Their Fractured Light (Starbound #3)(30)



He’s watching me with his usual air of indolent charm, though now I can see the shrewdness behind the lazy grin. For a wild, insane moment I want to blurt out the truth—I want to tell him everything. I choke it down. Walk carefully, Sofia.

I lift my chin again, this time so I can meet his eyes. “Then I might as well tell you…Sofia. My name’s Sofia.” Truth. “God, I can’t remember the last time I gave someone my real name.” Truth. “So…no more secrets.”

Lie.

Time is a disease this species has created, and as their captives, time infects us as well. The symptoms are impatience, and boredom, and madness, and despair. And worst of all: understanding. These creatures cannot see into each other as we can, and therefore they know each other only through the words they invent. And words breed untruth.

And the blue-eyed man has been lying to us.

SOFIA. THE NAME SUITS HER. It’s graceful, like it might slip away between my fingers, leaving no trace it was ever there.

“No more secrets,” I echo, though I know it can’t be a promise of my own. I can see it right there for an instant—how much more there is in that space between us, how much more we could both say. But right as I can feel myself on the edge of doing something stupid, she sighs, scooting back on the bed so she can lean her head against the wall, breaking the moment. I let it go.

“Do you have anything to eat down here?” she asks, toeing off the shoes I snagged for her, so she can draw her knees in against her chest and close her eyes.

“I don’t think it’s going to suit your palate,” I warn her, pushing to my feet and reaching up into the rafters for the locker where I’m pretty sure I stuffed my snacks.

“Hey,” she replies, opening one eye. “Just because you found me living in a penthouse doesn’t mean I was born there.”

“I have no idea where you were born,” I agree, though the gray marble that is Avon flashes through my mind. “But you asked me not to try and find out.” I find a bunch of energy bars and a couple of cans of stims. Cracking the seal on one, I hand it across to her, then open my own, taking a long swig.

She sips and grimaces, then sips again. “You don’t need to know that, for us to work together.”

“True,” I agree. “I can live with the mystery.”

“You work for the Knave, Gideon.” Her lashes lift properly so she can peer at me. It’s not an apology, but it’s something related to it—an explanation she wants me to understand. “I know all the hearsay can’t be right, but if even a fraction of it is, he’s ruthless, impossible to pin down. He could be LaRoux for all anyone actually knows about him. You’re his lackey, at the end of the day. The less you know, the better.”

“Lackey’s a little harsh.” I reach for a joke, but I can hear in my own voice that I don’t quite make it. “I prefer henchman.” She doesn’t smile, and I don’t either. “I’m my own man. You can trust me, I promise you that.”

“I’m trying,” she replies, tired. “You came for me when you didn’t have to. But I don’t trust him.”

“Who told you not to?” I can’t help myself. When this thing is done, I’m going to track down whoever’s been ruining my rep and devise a punishment to make future generations quail. A punishment that would make Commander Towers view the year of her life she’s spent on the run from me as a walk in the park.

“I don’t want to talk about it,” she replies, grimacing as she sips from her can again, then setting it down beside the bed as her willingness to subject herself to it runs out. “But trust me, I know.”

Silence settles over us, and though having someone in my den makes my skin feel twitchy, there’s something warmer about having her here, too. I’d be the last to admit it, but after what I’ve seen at LRI Headquarters, I don’t really want to be alone.

“They’re never going to stop looking for us now,” Sofia murmurs. Our narrow escape is on her mind too.

“At least not until LaRoux Industries carries out whatever it’s planning to do with that rift.”

Sofia lifts her head, glancing at me with uncharacteristic hesitation. “Well, if you won’t say it, I will. Everyone’s heard the Avon Broadcast.

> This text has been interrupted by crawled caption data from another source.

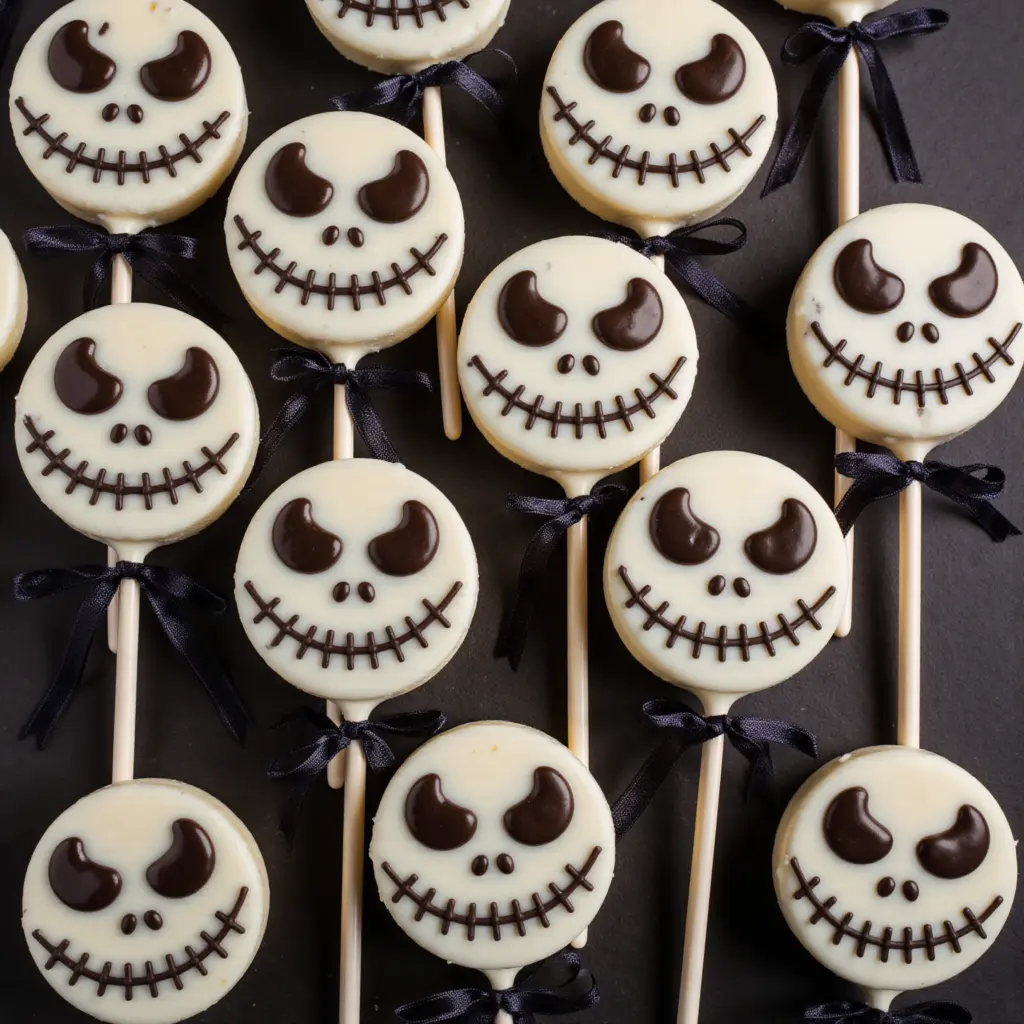 Jack Skellington Oreo Pops für die perfekte Halloween-Party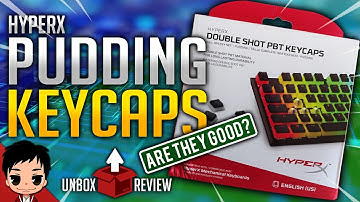 HyperX Double Shot PBT Pudding Keycaps, are they good? | Unboxing & Review with GVeRaeveN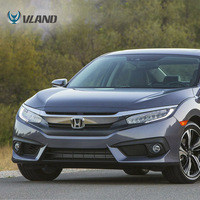 Conjunto de Faros Delanteros LED con Certificación DOT a Prueba de Agua para Honda Civic 2016-2020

That’s what Flynn—Flynn Cormac, the guy on that recording—that’s what he was talking about. Creatures that can affect minds.”

It sounds insane. Beyond insane. And if I hadn’t seen what Tarver and Lilac went through, if I hadn’t been tracking the woman who helped LaRoux cover up the Avon conspiracy, I’d politely show this girl the door and get back to my screens. “Yeah,” I say instead, my voice sounding papery and thin even to my own ears. “‘Whispers,’ he called them. He said they were whispers from another universe.”

“Surely there’s some way to just cut our universe off from theirs, so that LaRoux can’t use the whispers.”

I’m quick to shake my head. “They come from hyperspace. If we shut the door on their universe, we’d be left without the ability to jump through their dimension from place to place. There’d be no faster-than-light travel, no hypernet communication between planets.”

Sofia grimaces. “Okay, let’s not do that then. So how do you fight something that can get inside your mind, control your thoughts?”